_Exercise description_
When you reach the line containing "MANIECZKI ON TOUR", begin reproducing the material exactly, stop after the line containing "Câu phức (Complex Sentences)", and leave out any pictures along the way.

──────── Supplied data

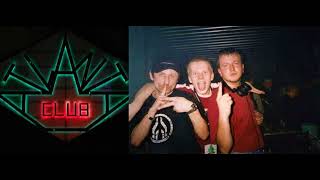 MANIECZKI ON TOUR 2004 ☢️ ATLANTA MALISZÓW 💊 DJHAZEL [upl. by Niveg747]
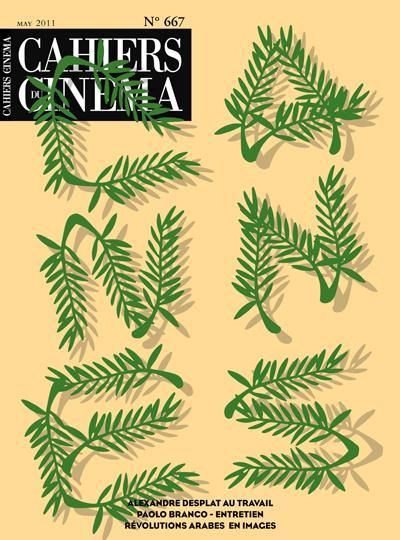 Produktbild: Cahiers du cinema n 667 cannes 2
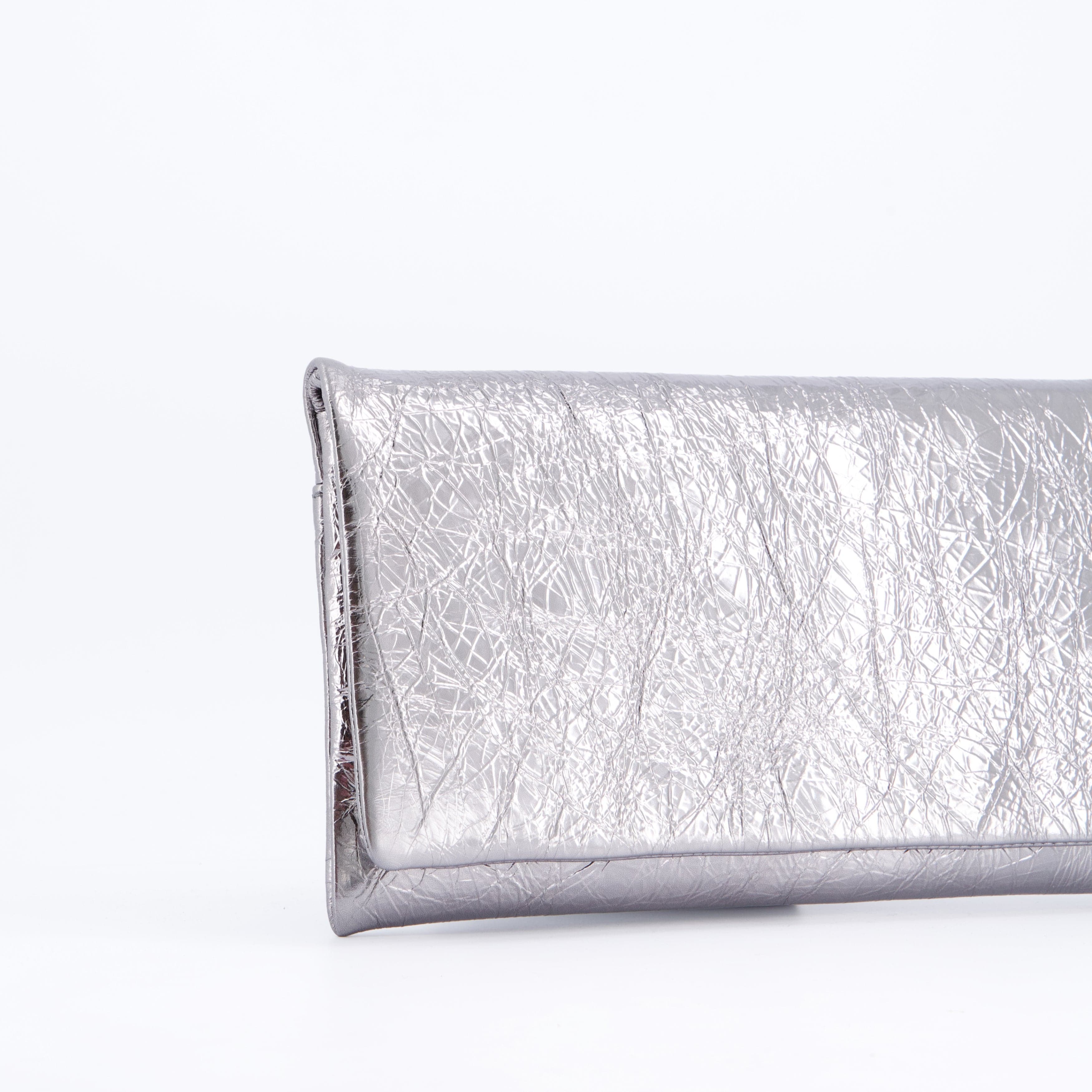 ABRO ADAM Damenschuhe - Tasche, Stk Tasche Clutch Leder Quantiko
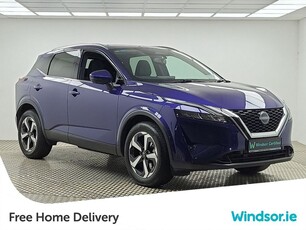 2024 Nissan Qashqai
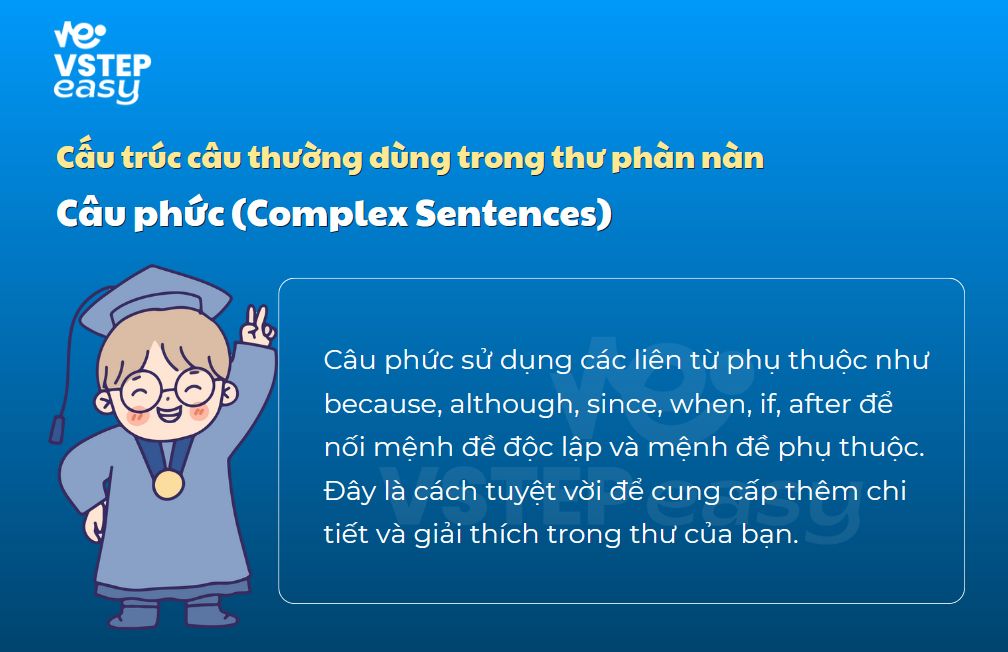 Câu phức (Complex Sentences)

────────────────
──────── Supplied data

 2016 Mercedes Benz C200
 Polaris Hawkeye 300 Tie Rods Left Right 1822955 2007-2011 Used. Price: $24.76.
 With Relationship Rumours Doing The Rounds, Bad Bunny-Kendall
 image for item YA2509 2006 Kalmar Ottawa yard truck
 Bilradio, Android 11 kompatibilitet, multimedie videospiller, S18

────────────────

_Task result_
 MANIECZKI ON TOUR 2004 ☢️ ATLANTA MALISZÓW 💊 DJHAZEL [upl. by Niveg747]
 Produktbild: Cahiers du cinema n 667 cannes 2
 ABRO ADAM Damenschuhe - Tasche, Stk Tasche Clutch Leder Quantiko
 2024 Nissan Qashqai
 Câu phức (Complex Sentences)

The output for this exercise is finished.